Sine jaham shárhe shárhe az feraj
ta beju yam sharhe dárde esh tiyaj...
Todo persa conoce este poema, o al menos estos cuatro versos, que se cantan cuando se está enamorado.
Si bien Akbar nunca pudo oír la letra, canturreaba esa canción.
Trata de una caña que es cortada del cañaveral para fabricar una flauta. La caña se queja así:
Desde el preciso instante en que me cortaron
todos me tocan y comparten conmigo sus
nostalgias, sus anhelos.
Yo también busco un corazón que el anhelo
haya quebrado
para compartir con él mi propia nostalgia.

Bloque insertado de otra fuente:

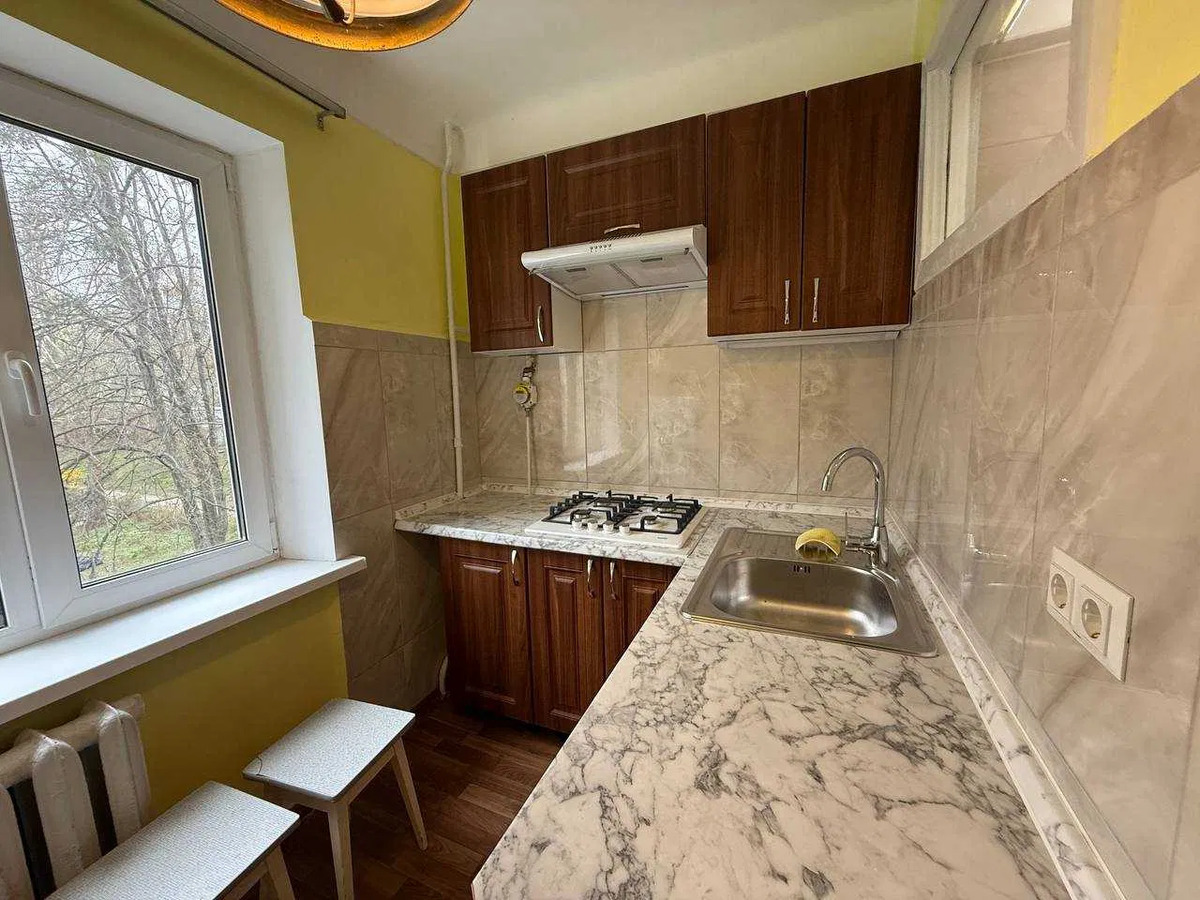 Продається квартира Київ, Голосіївський, Сеченова, 10, м. Васильківська фото 1 Продається квартира Київ, Голосіївський, Сеченова, 10, м. Васильківська фото 1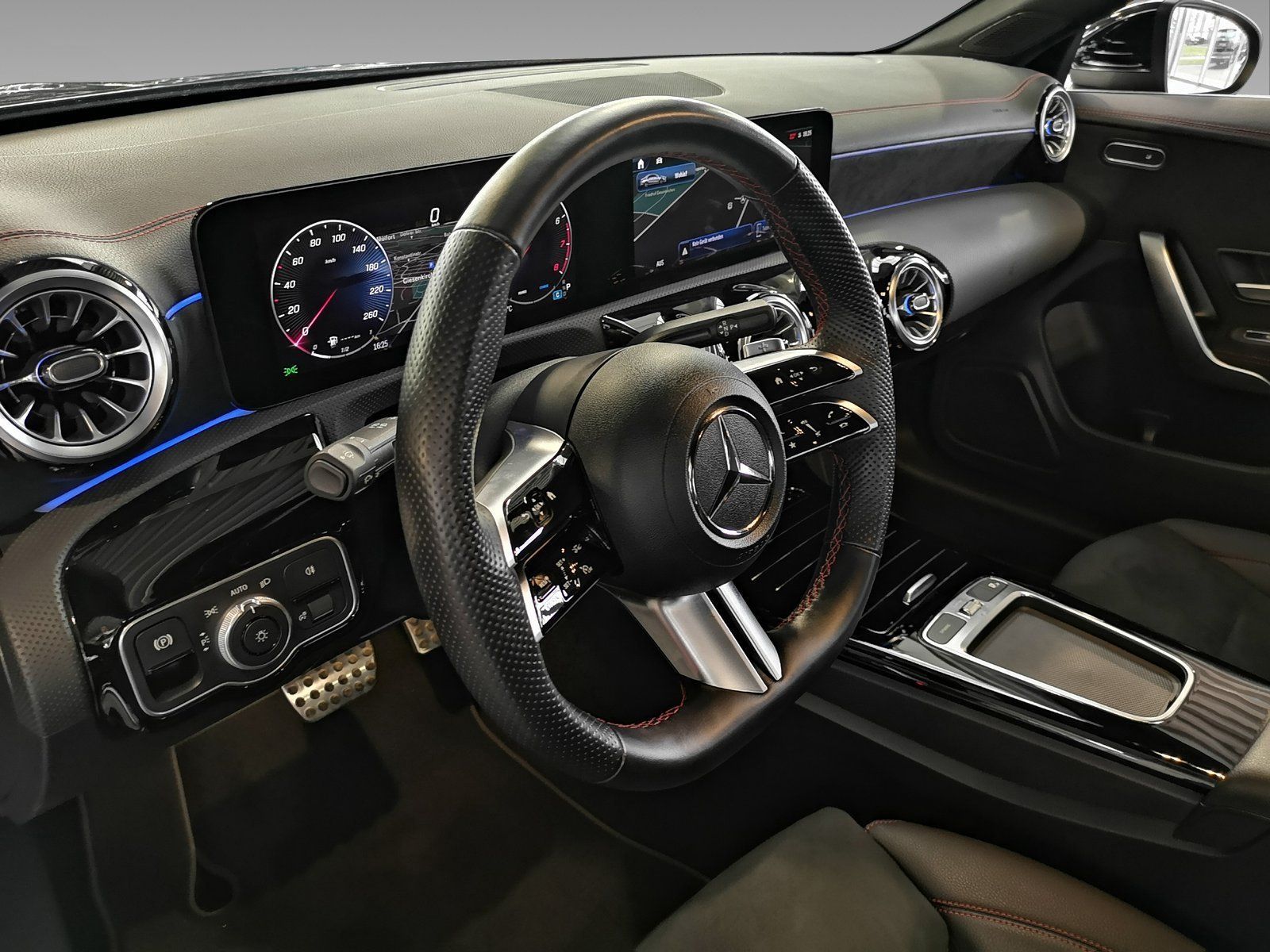 Mercedes-Benz CLA 180 Coupé AMG ADVANCED PLUS - Samsaru's Car Outlet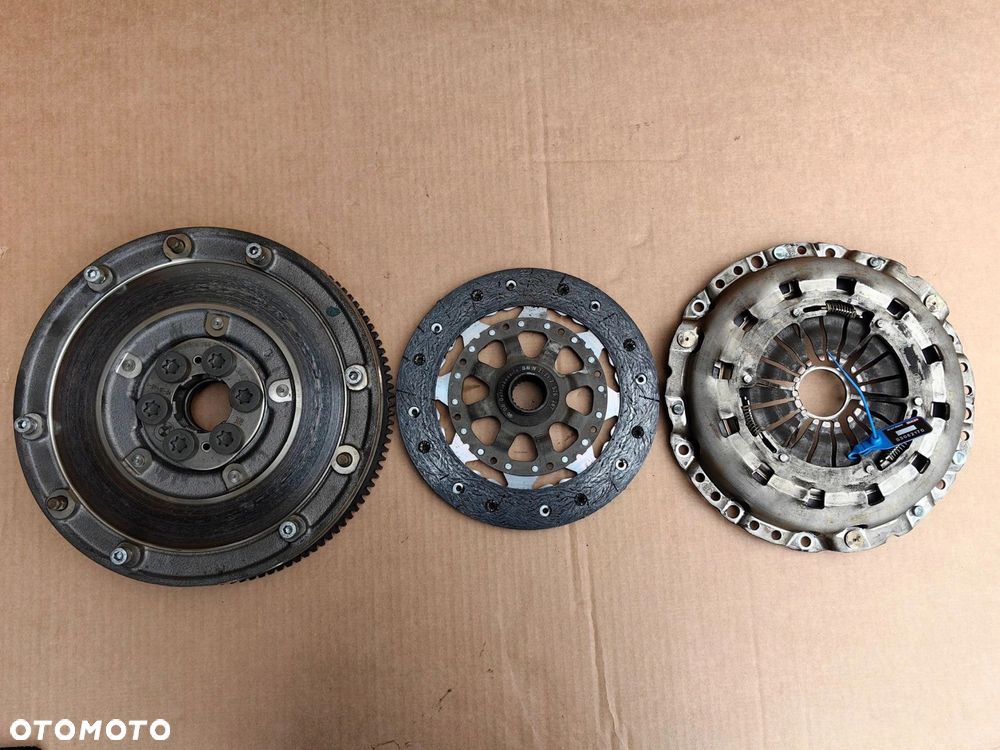 Sprzęgło kompletne BMW e81 e82 e87 e88 e90 e91 e92 e93 N45 1.6i 7526268 - 1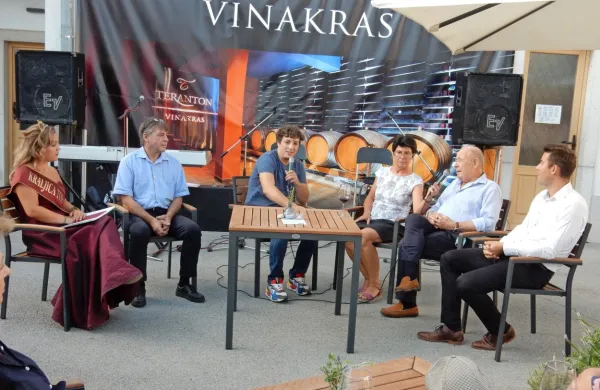 Na tretjem dogodku, posvečenem mesecu terana in pršuta, so o 
teranu spregovorili (z leve): kraljica terana Nuša Živec, predsednik 
Društva vinogradnikov in vinarjev Krasa David Štok, voditelj Žan 
Papič, specialistka za vinogradništvo Majda Brdnik, enolog Miran 
Friderik Vodopivec in enolog v Vinakrasu Luka Pangos.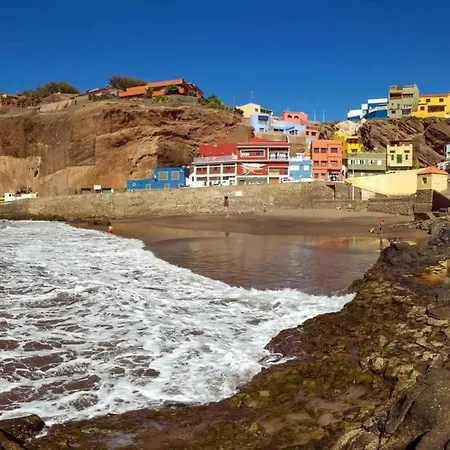 Faro De Sardina Mit Blick Aufs Wasser By Interhome * Galdar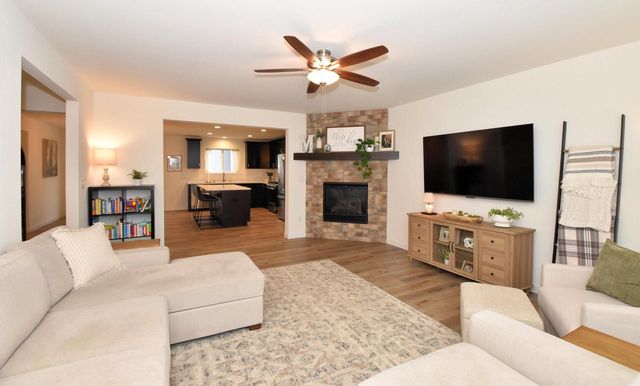 1870 Nottingham DRIVE, Union Grove, WI 53182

Un buen día pedí prestado un proyector de películas. Al caer la noche, cuando salió la luna llena y mi padre se disponía a trepar hasta la azotea por la escalera de mano, lo agarré de la manga y le dije:
—¡Ven aquí! Voy a enseñarte algo.
Él se resistió; quería ir a ver su luna.
—Escúchame, no hace falta que subas al tejado. Te tengo preparada una luna en el cuarto de estar.
No entendió.
—La luna —le indiqué por medio de gestos—. La he metido en ese aparato. Para ti. ¡Ven a mirar!
Mi padre esbozó la típica sonrisa que exhibía cuando no entendía lo que intentaba explicarle. Le acerqué una silla y corrí las cortinas.
—¡Siéntate! —gesticulé antes de apagar la luz.
Él vaciló un momento y luego se sentó, con la mirada fija en la pantalla.
Encendí el proyector. Primero aparecieron unas palabras en inglés, seguidas bruscamente de una luna nueva. No se percibía aún ninguna reacción por parte de mi padre, que continuaba observando en silencio. De forma sucesiva fueron surgiendo en la pantalla una luna creciente, una media luna y una luna llena. Mi padre se volvió y me buscó con la mirada, detrás del aparato.
Ésa no era la luna de Ispahán, sino la de Estados Unidos, inalcanzable y con un fondo azul oscuro. A continuación, la pantalla mostró el Apolo XI.
¿Era capaz mi padre de entender la relación existente entre la luna y el Apolo XI?
Unos minutos después, el cohete alunizaba y, por primera vez en la historia, el hombre ponía el pie en la superficie lunar. Apagué el proyector y la luna desapareció. Mi padre permaneció sentado en la silla con las manos apoyadas en las piernas, como si estuviese rezando. No encendí la luz; dejé que siguiera un momento más así. Me quedé mirándolo, mirando a mi querido y anciano padre. Sólo apreciaba su sombra y su cabellera gris, centelleante en la oscuridad.